- **Work to complete**:
Pictures are to be omitted; everything else in the data must be transcribed exactly.

- **Stored data**:
<<<<

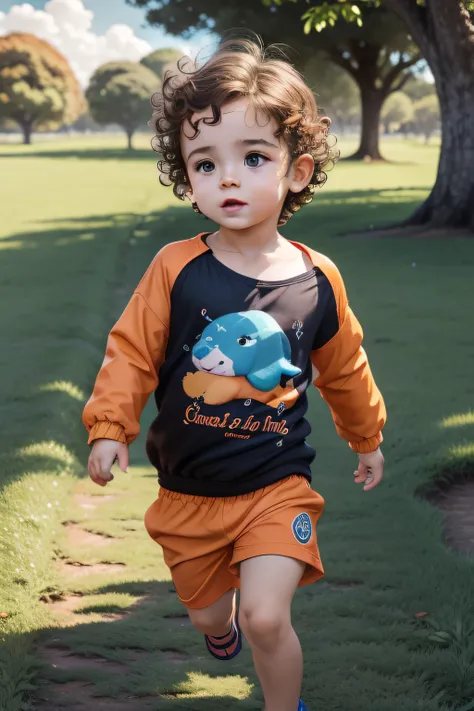 Small male baby with curly and light hair who is running on the grass with orange coat, com pessoas em segundo plano, um homem adulto de blusa azul e bermuda preta caminhante no parque em um belo dia de sol, ultra realista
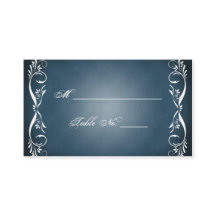 Midnight Blue Floral Posh Wedding Place Cards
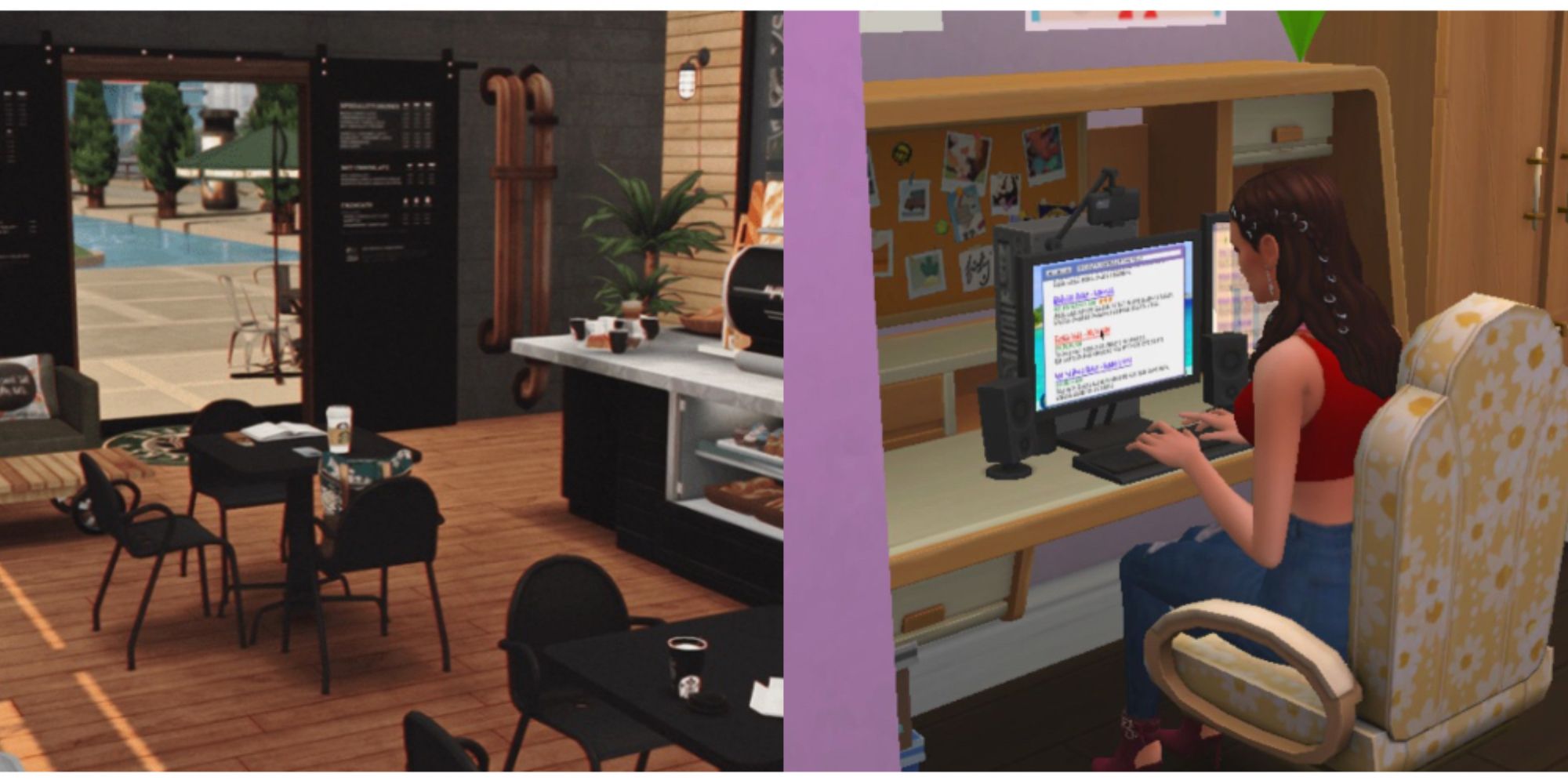 split image of a coffee shop and a Simfluencer in The Sims 4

>>>>

- **Problem solution**:
 Small male baby with curly and light hair who is running on the grass with orange coat, com pessoas em segundo plano, um homem adulto de blusa azul e bermuda preta caminhante no parque em um belo dia de sol, ultra realista
 Midnight Blue Floral Posh Wedding Place Cards
 split image of a coffee shop and a Simfluencer in The Sims 4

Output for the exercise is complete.